Scoggin was married to former UT diver Rebecca Culver, a former U. Texas diver who in 2008 received the Frank Erwin Award, recognizing individuals making outstanding contributions to swimming and diving with the University of Texas. Scoggin met Culver as a diver while competing in Virginia, and they both dove for the University of Texas. The couple have one daughter.

==Coaching==
Since 1994, Scoggin has been the Diving Coach for his alma mater, the University of Texas. As of 2025, in his career of over 30 years with Texas, his divers have earned 23 individual NCAA championships and 114 individual Big 12 titles. He has been a seven-time NCAA Coach of the Year. In only his third season with Texas, he was the 1997 NCAA National Women's Diving Coach of the Year. As of 2025, Scoggin divers had won twenty Men's Platform Big 12 Championships, sixteen Men's 1 Meter Big 12 Champions, and eighteen Men's 3 Meter Big 12 Champions. At the Big 12 Championships, his women's teams have had twenty 1 meter Champions, nineteen 3 meter champions and 21 Platform champions.

As a Diving Coach, he was a CSCAA Women's Diving Coach of the Year four times in 1997, 1998, 1999, and 2024. He was a six-time CSCAA Men's Diving Coach of the Year in 1999, 2000, 2012, 2014, 2019 and 2021. As of 2024, as a highly recognized coach in his conference, he was an eighteen-time Big 12 Men's Diving Coach of the Year, and the Big 12 Women's Diving Coach of the Year fifteen times.

Scoggins formerly coached Austin's Longhorn Diving Club beginning in 1986, where he won many Coach of the Year awards.

In international competition, he was coach of the U.S. Olympic team in 2000, 2008, 2012, 2020 and 2024, and served as an assistant coach for the United States at the 2011, 2013 and 2022 FINA World Championships.
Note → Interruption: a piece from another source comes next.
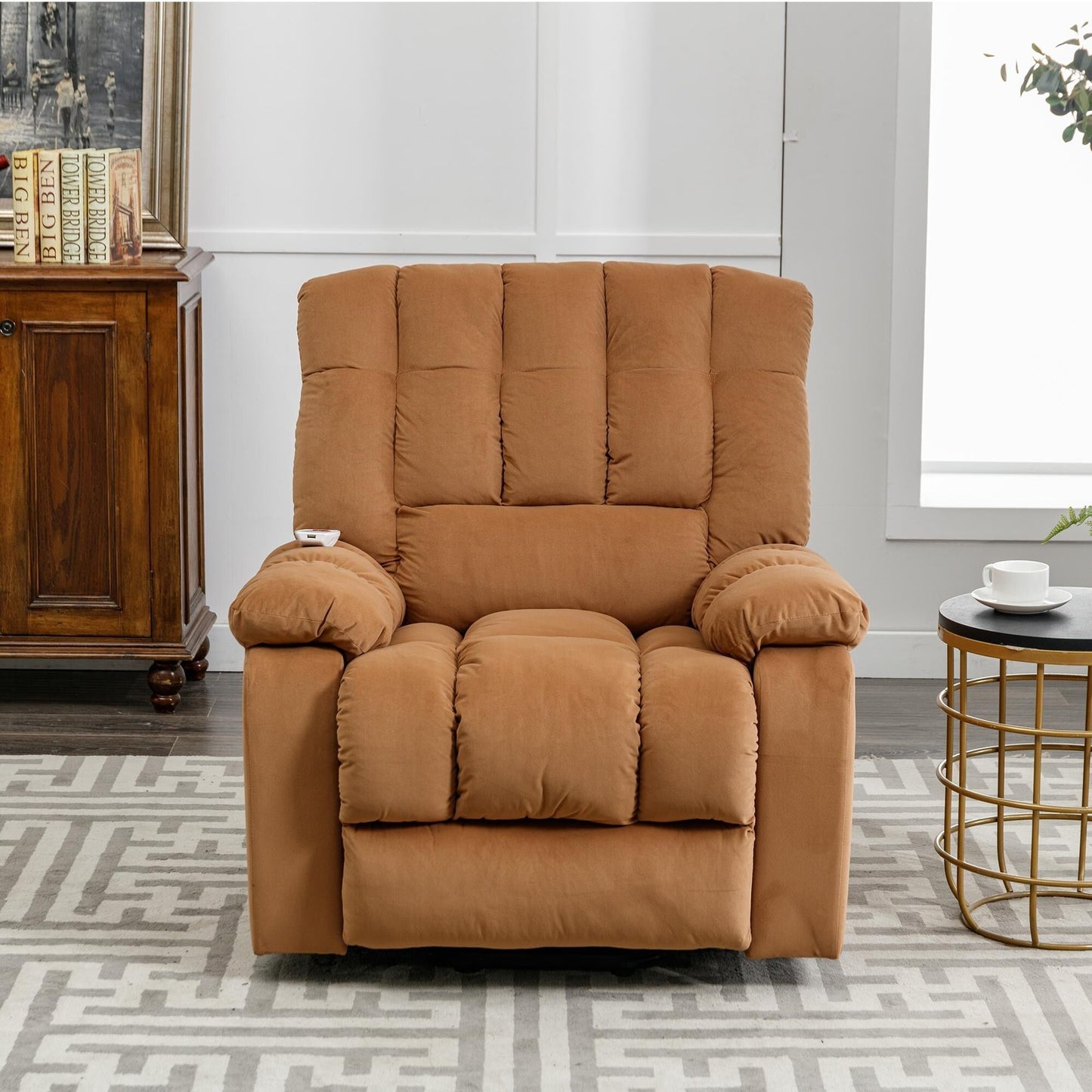 Beige Electric Power Lift Recliner with Heating, Massage, and Storage Pocket for Living Room/Bedroom Use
Scoggin has written that coaches should "show their diver’s potential and guide them with relentless optimism. Also, watch, study, and compare world-class divers, learn to pull ropes expertly, and never give up. Stay positive, keep learning, and be humble.” He is considered by many to be one of the greatest contemporary diving coaches in the country.

===Honors===
Scoggin has been recognized by regional organizations, Olympic associations and national coaches associations for his accomplishments. He was inducted into the University of Texas Hall of Fame in 1988. He is a member of the Texas Swimming and Diving Hall of Fame. In a more exclusive honor, he was elected to 100 Greatest Swimming and Diving Coaches by the College Swimming Coaches Association Hall of Fame. Recognized for his achievements as an Olympic Coach, in both 2009 and 2010, he was the United States Olympic Committee National Diving Coach of the Year.

USA Diving presented Scoggin the Benjamin Foundation Coaches Performance Award as well as the Ted Keller Award. Scoggin won USA Diving's Coach of Excellence Award at the USA Diving National Championships in the summer of 2010.